Scientific progress and potential impact:
The outcome of this project is the paper "Universality for outliers in weakly confined Coulomb-type systems", made in collaboration with David Garcia-Zelada, Alon Nishry and Aron Wennman. In the paper, we discover a new behavior for the particles of a Coulomb gas outside the support of the equilibrium measure. For a specific class of Coulomb gases, called jellium, we show that the outliers are described by a new universal process called the Bergman process. In addition, we also establish this behavior for zeros of random polynomials. This is a success for this research project as the goal was to obtain new results by comparing Coulomb gases and zeros of random polynomials. In this paper, we develop, in the case of Coulomb gases, a new technique to study the asymptotic properties of orthogonal polynomials in dimension 2, and techniques to understand reproducing kernels associated to orthogonal polynomials. In addition, we later realized that this techniques could be adapted to zeros of random polynomials.
I hope that this result will lead to many other interesting research projects in the same field, as it opens many new perspectives for both Coulomb gases and random polynomials. In the Coulomb gas litterature, the outliers were usually not studied and the focus was made on outliers-free systems. Now, outliers can be understood and studied for their own interest.
Socio economic impact:
The results of this project deal with high energy statistical physics. In theory, there exist physical systems which can be build to observe the results of this project. Unfortunately, it is highly unrealistic to expect a physical realization of these systems: the amount of electric energy needed to observe the results of this project is exponential with the number of particles and would require unreasonable amounts of energy.
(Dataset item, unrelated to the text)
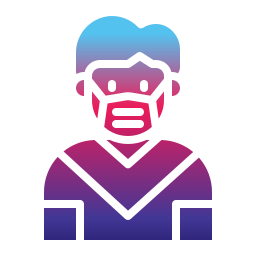 Avatar icon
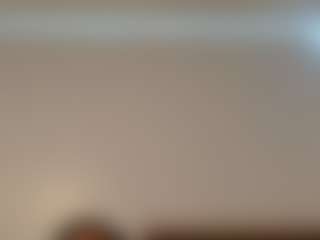 TasteThePeach's Live Sex Cam Show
The results of this project are part of a broad scientific trend, with the growing interest of the understanding of outliers in many particles systems (random matrices, coulomb gases, random polynomials), and asymptotic properties of zeros of random polynomials in signal processing. The results obtained here may not be directly used in applied problems, but I am convinced that the techniques that we developed will diffuse and influence other researchers in the areas mentionned previously.